Non ho creduto mai facile dare le leggi ad un popolo. Platone, invitato più volte a questo cimento, lo credette sempre superiore alle sue forze. Colui che ambisce la gloria di legislatore deve dire a se stesso: — Io debbo rendere cinque milioni di uomini felici, decidere della sorte di due secoli. Nella nazione che a me si affida vi sono degli scellerati audaci che debbo frenare, de’ buoni ma deboli che debbo confortare, degl’ignoranti e traviati che debbo illuminare e dirigere. Debbo conoscer le idee ed i costumi di un’altra etá: debbo render la nazione felice e, ciò che è piú difficile, debbo farle sentire ed amare la sua felicitá. Che potrei mai io solo quando tutto il popolo non m’intendesse o non mi seguisse? Rimarrei coll’inutile rimorso di avergli tolta la legge antica senza avergliene data una nuova, perché non merita nome di legge quella che il popolo non intende e non ama. — Qual è, domandava Aristotile, la piú gran difficoltá nel dar le leggi ad un popolo? Quella di farle durare. Qual è l’unico mezzo per farle durare? Quello di farle amare.

Io non ispero molto da quelle costituzioni che la forza ha dettate. Che questa forza sia quella di un conquistatore, il quale dispone di centomila baionette, o di un’assemblea di filosofi, i [p. 218 modifica]quali coll’aiuto di una favorevole prevenzione strappano al popolo un consenso che non intende, importa poco: nel primo caso si fa violenza alla volontá, nel secondo all’intelletto. Le costituzioni durevoli sono quelle che il popolo si forma da sé. — Ma questo popolo — tu dirai — non parla. — È vero; ma, mentre egli tace, tutto parla per lui: per lui parlano le sue idee, i suoi pregiudizi, i suoi costumi, i bisogni suoi. Ma perché mai si è mosso un popolo a fare una rivoluzione? Ebbene, l’oggetto per cui il popolo si è mosso dev’essere il solo riformato: se vuoi toccare il resto, offenderai il popolo inutilmente. Ti ricorderai le lodi, che Machiavelli dá alla prudenza di Bruto, il quale, discacciati i Tarquini da Roma, pensò a provvedere il popolo di un re sacrificatore, perché vide che i romani credevano ancora necessario un re ne’ loro sacrifici; ed ei volle che nel nuovo ordine di cose, che pensava istituire, non avessero avuto a desiderare nessun bene che loro dava l’antico.

Le costituzioni sono simili alle vesti: è necessario che ogni individuo, che ogni etá di ciascun individuo abbia la sua propria, la quale, se tu vorrai dare ad altri, stará male. Non vi è veste, per quanto sia mancante di proporzioni nelle sue parti, la quale non possa trovare un uomo difforme cui sieda bene; ma, se vuoi fare una sola veste per tutti gli uomini, ancorché essa sia misurata sulla statua modellaria di Policlete, troverai sempre che il maggior numero è pi alto, piú basso, piú secco, piú grasso, e non potrá far uso della tua veste.

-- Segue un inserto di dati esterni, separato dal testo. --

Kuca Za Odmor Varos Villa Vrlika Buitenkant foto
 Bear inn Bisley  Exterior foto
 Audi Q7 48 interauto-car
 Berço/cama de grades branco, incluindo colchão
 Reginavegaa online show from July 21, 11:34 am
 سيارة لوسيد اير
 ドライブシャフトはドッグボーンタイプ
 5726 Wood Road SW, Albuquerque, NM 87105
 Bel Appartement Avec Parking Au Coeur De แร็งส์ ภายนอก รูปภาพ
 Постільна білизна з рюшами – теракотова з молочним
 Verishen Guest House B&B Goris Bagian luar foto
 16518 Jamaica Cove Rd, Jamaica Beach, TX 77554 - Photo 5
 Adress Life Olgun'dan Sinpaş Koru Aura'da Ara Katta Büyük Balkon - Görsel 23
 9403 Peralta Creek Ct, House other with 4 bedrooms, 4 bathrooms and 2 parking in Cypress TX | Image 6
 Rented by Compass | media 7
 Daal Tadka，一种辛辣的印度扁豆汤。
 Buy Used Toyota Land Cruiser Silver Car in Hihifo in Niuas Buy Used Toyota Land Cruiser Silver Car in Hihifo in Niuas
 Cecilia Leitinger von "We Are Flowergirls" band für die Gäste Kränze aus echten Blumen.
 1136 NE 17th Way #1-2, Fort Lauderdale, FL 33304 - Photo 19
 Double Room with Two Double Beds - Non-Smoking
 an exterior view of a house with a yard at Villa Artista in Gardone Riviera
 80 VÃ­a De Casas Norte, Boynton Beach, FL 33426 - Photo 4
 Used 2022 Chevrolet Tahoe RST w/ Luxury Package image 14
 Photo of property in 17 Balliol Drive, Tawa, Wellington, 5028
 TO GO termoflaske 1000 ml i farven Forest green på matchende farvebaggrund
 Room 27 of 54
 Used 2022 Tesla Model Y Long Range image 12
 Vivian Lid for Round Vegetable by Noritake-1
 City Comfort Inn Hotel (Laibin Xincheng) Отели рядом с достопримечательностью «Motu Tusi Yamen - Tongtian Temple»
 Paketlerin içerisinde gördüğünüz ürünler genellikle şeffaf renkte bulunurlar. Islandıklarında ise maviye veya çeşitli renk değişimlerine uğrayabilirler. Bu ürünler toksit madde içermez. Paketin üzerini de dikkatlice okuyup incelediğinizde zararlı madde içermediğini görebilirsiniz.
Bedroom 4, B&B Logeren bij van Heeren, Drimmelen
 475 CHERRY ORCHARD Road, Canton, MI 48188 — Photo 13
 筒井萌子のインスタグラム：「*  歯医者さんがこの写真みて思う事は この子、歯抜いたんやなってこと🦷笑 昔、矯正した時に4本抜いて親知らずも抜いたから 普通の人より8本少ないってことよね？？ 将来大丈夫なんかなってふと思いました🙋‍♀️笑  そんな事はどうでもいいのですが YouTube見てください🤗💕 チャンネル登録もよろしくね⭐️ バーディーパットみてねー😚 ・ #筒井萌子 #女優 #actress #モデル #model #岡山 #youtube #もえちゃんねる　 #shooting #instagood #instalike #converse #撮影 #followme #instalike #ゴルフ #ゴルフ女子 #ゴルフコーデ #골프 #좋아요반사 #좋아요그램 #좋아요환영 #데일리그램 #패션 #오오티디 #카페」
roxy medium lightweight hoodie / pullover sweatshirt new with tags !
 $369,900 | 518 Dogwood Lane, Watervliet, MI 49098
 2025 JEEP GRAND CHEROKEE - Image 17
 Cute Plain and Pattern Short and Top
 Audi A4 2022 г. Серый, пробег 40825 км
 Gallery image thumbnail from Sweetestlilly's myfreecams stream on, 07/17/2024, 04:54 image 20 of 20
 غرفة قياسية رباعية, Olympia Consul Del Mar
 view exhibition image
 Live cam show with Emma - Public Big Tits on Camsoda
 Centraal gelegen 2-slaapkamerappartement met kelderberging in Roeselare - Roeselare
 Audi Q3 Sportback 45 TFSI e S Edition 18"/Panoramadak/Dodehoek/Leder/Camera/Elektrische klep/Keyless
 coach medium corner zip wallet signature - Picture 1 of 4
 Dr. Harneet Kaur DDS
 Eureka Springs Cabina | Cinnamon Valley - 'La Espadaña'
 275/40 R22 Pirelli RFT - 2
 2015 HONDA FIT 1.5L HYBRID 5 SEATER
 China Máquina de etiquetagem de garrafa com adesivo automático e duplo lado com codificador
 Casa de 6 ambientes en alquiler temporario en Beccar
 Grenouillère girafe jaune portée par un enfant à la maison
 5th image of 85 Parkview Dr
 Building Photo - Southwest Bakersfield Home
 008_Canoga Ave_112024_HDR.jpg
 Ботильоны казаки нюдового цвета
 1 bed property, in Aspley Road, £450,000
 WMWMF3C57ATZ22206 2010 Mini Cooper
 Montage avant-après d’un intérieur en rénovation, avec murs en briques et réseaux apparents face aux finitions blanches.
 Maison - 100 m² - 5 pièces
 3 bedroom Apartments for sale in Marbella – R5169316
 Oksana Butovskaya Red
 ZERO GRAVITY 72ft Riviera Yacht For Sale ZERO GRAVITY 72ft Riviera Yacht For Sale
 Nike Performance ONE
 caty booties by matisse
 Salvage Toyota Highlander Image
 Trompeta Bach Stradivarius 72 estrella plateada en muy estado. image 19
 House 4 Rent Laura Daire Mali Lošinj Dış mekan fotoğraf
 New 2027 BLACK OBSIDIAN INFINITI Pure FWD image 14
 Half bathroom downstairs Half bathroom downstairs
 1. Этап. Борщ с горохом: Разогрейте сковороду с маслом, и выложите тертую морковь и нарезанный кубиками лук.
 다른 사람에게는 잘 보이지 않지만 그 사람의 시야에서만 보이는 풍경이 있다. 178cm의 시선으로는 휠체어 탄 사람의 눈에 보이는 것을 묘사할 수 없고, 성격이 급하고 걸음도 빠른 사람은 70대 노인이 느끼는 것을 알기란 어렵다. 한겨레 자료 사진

— Voi siete troppo corrotti per poter avere delle leggi — disse Platone a quei di Cirene. Quanti oggi dicono con gravitá platonica: — Questo popolo non è ancora maturo per la libertá! — Ma, quando anche si potesse credere che Platone, il quale, al par di tutti gli uomini, e specialmente filosofi, rispondeva talora per non potere, talora per non sapere, talora per non voler rispondere altro, avesse detto da senno ciò che disse; credi tu che i cirenesi non avrebbero avuto il diritto di ripetergli: — Noi siamo corrotti, è vero; ma, se ciò ci toglie il dritto di esser appieno felici, possiamo però pretendere di esser meno infelici. Dateci delle leggi convenienti ad uomini corrotti. — ? [p. 219 modifica]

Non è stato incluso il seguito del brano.